* PROMPT
Find the line in the entries below that contains "Бачок расширительный Opel Agila A". Repeat it exactly, and every line after it through the line that contains "Vorfreude auf die".

* INPUT
──────────
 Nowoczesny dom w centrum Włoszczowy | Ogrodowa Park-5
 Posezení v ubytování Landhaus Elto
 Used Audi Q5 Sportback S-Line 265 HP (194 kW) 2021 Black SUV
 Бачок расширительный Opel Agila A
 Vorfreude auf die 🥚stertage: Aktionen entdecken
──────────
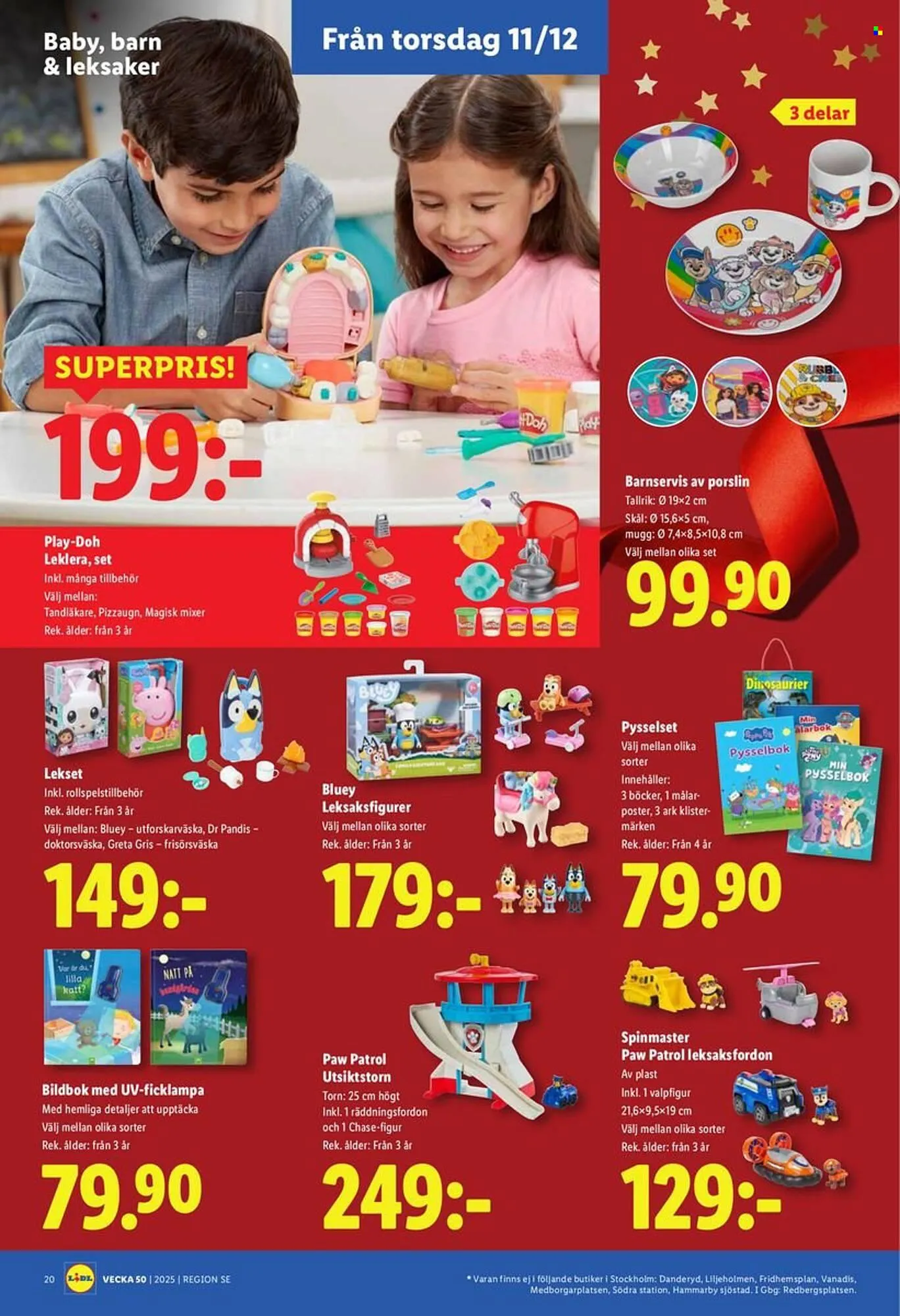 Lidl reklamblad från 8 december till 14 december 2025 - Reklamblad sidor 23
──────────
* ANSWER SECTION
 Бачок расширительный Opel Agila A
 Vorfreude auf die 🥚stertage: Aktionen entdecken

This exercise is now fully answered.